## [Source material]
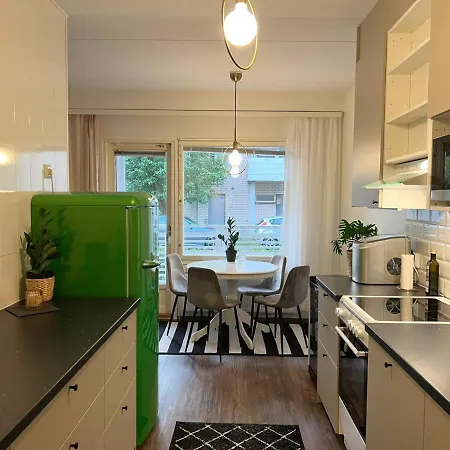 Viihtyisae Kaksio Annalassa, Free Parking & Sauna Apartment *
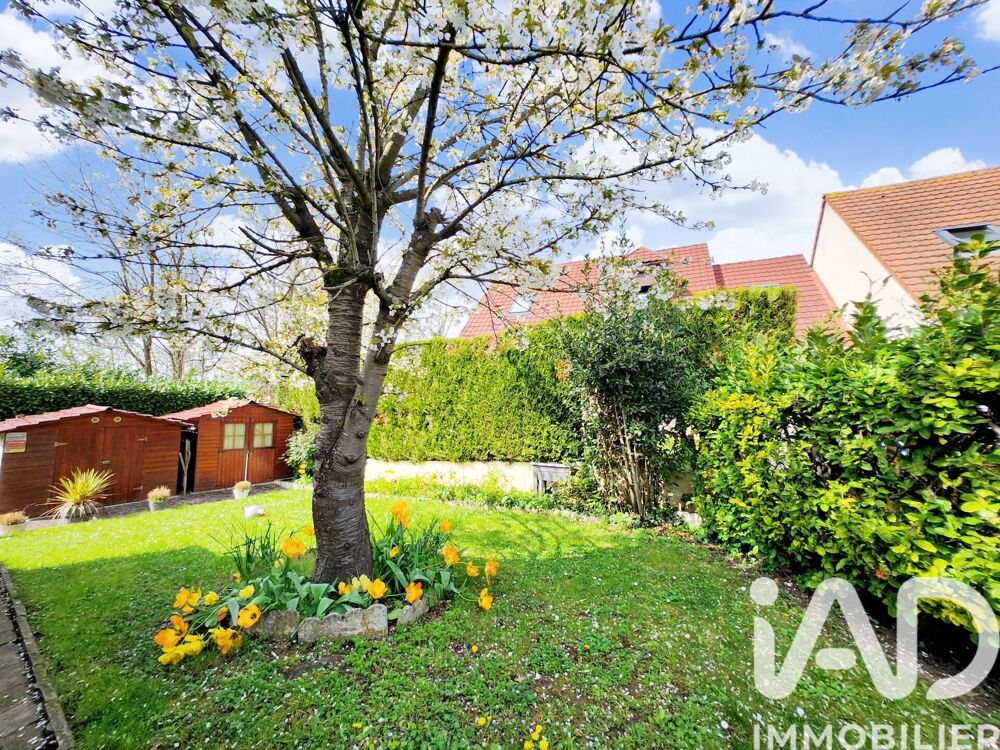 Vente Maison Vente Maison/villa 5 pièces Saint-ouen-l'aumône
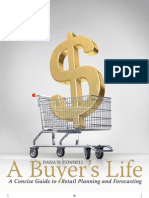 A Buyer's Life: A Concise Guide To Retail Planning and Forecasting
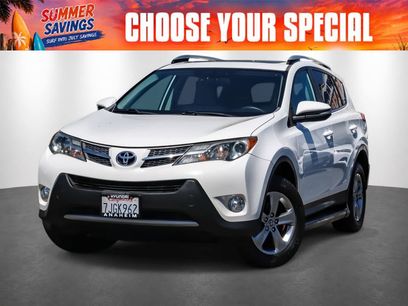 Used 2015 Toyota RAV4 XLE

## [What you are asked to do]
Please write out the material from the line containing "A Buyer's Life: A" to its final line, both inclusive, exactly as it appears; pictures are not part of the copy.

## [Exercise result]
 A Buyer's Life: A Concise Guide To Retail Planning and Forecasting
 Used 2015 Toyota RAV4 XLE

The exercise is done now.